Within a five-day span, led by the sudden increase in the Bitcoin price, the crypto market experienced a surge in its valuation by nearly 30 percent.

Following the initial rally of Bitcoin (BTC) to $4,000, many technical analysts expressed concerns toward the sustainability of the recently found momentum of the crypto market, as bitcoin started to retrace.

Can Crypto Market Sustain Momentum?

A cryptocurrency trader with the online alias “The Crypto Dog” said after the initial corrective rally of bitcoin that the price trend of the asset has become poor with an immediate pullback to $3,700.

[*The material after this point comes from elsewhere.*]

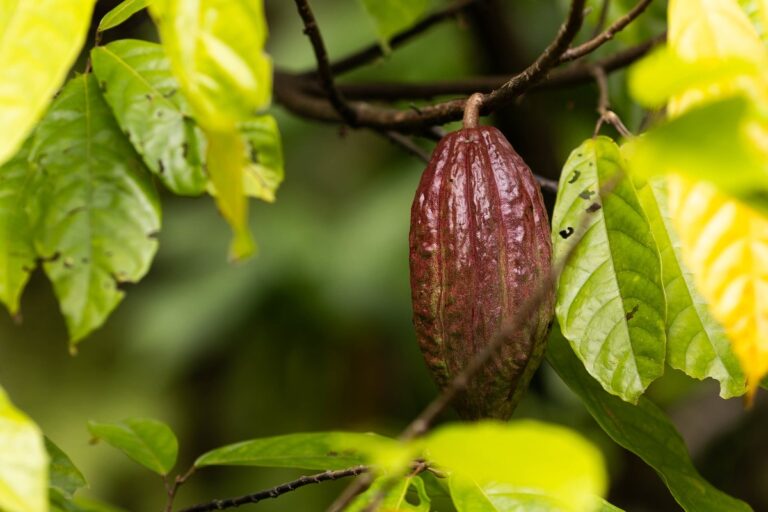 Preços do cacau, açúcar e suco de laranja sobem em Nova York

The trader said that if the dominant cryptocurrency struggles to rebound from $3,635 and resistance levels below it, the corrective rally of the crypto market on December 19 may reverse in the short-term.

Crypto market adds $29 billion this week, can momentum be sustained

“I’m astounded with how terrible BTC looks after just two hours. It could not have become more rekt in a shorter amount of time,” noted the trader.

Hsaka, a cryptocurrency technical analyst, said that bitcoin already dropped to its initial resistance zone and is at risk of falling to the $3,500 region in the days to come.

The analyst said:

I was out of all my longs yesterday once we hit the target, missed out on today’s move. bitcoin flipped the resistance zone as support and commenced another leg up, sweeping the 3840 stops. Looks to me like we’ll retrace back to the initial resistance zone.

To recover from one of the largest sell-offs in recent years, the cryptocurrency market has to demonstrate stability and a gradual increase in value.

A sudden spike in the price of major cryptocurrencies increases the vulnerability of the market to a big drop in value, especially if it is not supported by sufficient volume and trading activity.

As of December 20, the daily trading volume of bitcoin remains at around $6.6 billion, which is relatively high considering the volume the asset demonstrated throughout the past several weeks.

But, for an asset that recorded an 18 percent surge in price within a four-day span, its volume still remains weak.

If the recent corrective rally is followed up with a consolidation period and a stable few weeks that can provide some basis for the market to climb on top of, a mid-term rally remains a possibility. If the asset class continues to demonstrate such a high level of volatility, then volatility on the downside can also be expected.

Low Volume Assets Already Falling

Stellar (XLM), Cardano (ADA), and other cryptocurrencies with a daily trading volume below $100 million have already started to fall against both the U.S. dollar and bitcoin.

Depending on the level of volatility showed by major digital assets throughout this week, the market could prevent a downtrend from occurring in the short-term or drop to major resistance levels. The crypto market has shown strength at $100 billion and this week’s corrective rally likely materialized as oversold conditions triggered an abrupt recovery.

Click here for a real-time bitcoin price chart or here to review our latest crypto market coverage.

Featured Image from Shutterstock. Charts from TradingView.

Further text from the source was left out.